▶ RECORD EXCERPTS:

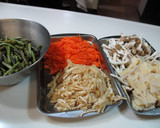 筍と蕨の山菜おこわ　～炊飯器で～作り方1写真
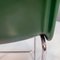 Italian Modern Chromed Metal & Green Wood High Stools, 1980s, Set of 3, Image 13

---

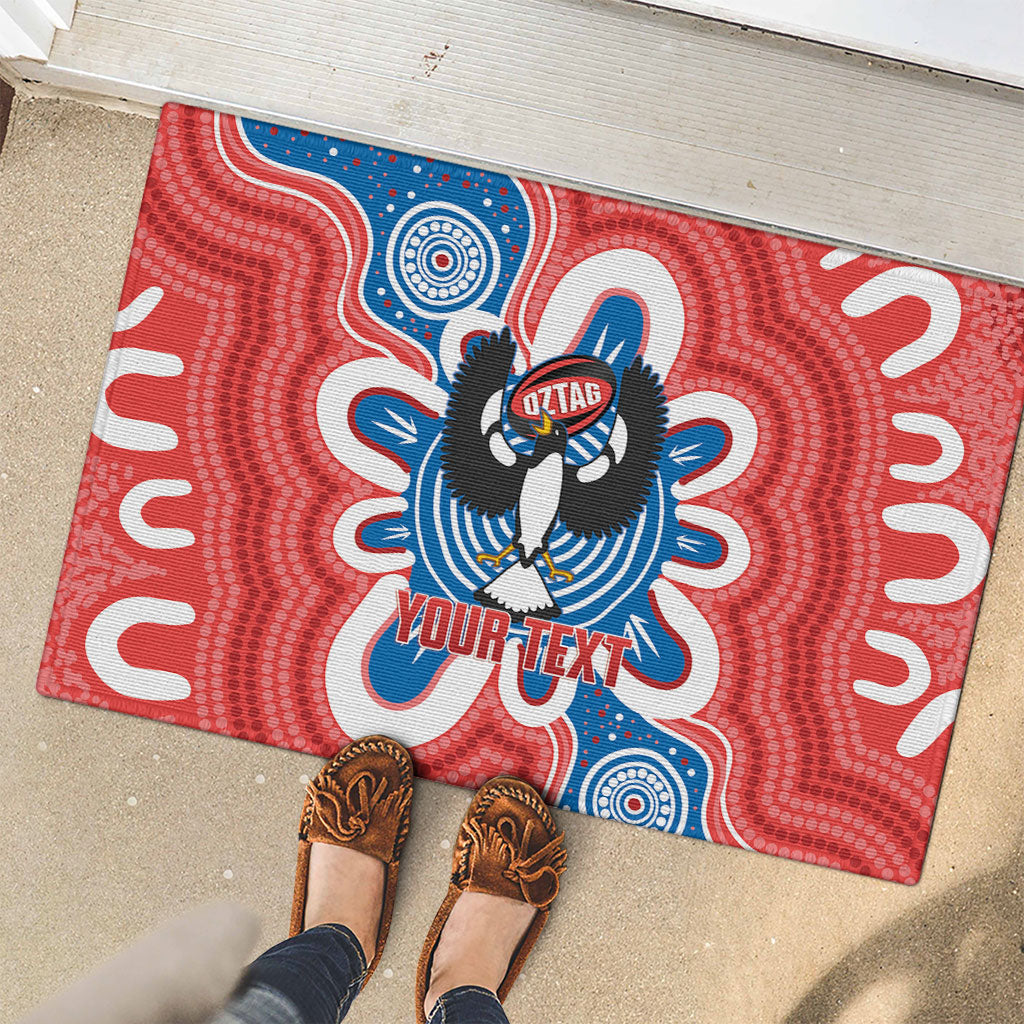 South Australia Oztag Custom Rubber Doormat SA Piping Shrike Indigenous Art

==

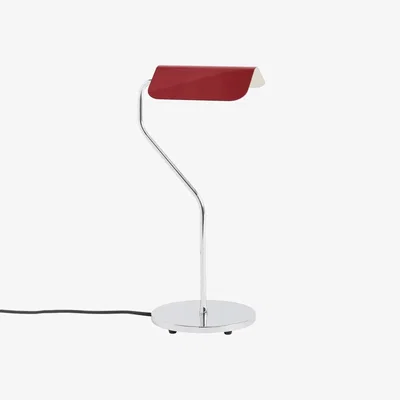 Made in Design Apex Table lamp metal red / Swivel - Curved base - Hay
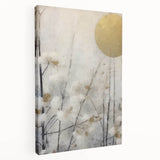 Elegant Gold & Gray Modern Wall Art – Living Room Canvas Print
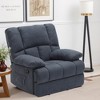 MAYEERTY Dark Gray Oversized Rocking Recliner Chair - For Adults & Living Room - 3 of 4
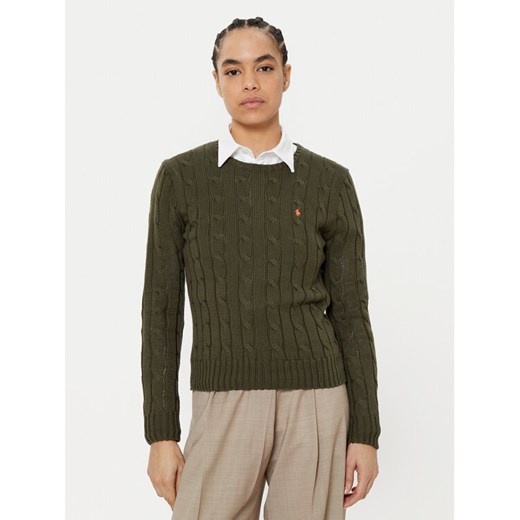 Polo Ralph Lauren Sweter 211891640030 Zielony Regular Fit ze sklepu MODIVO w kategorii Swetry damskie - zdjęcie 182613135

▶ EXERCISE INSTRUCTIONS: Reproduce the listing above from the line that holds "Made in Design" through the line that holds "MAYEERTY Dark Gray", both included, with the pictures left out.

▶ SOLUTION:
 Made in Design Apex Table lamp metal red / Swivel - Curved base - Hay
 Elegant Gold & Gray Modern Wall Art – Living Room Canvas Print
 MAYEERTY Dark Gray Oversized Rocking Recliner Chair - For Adults & Living Room - 3 of 4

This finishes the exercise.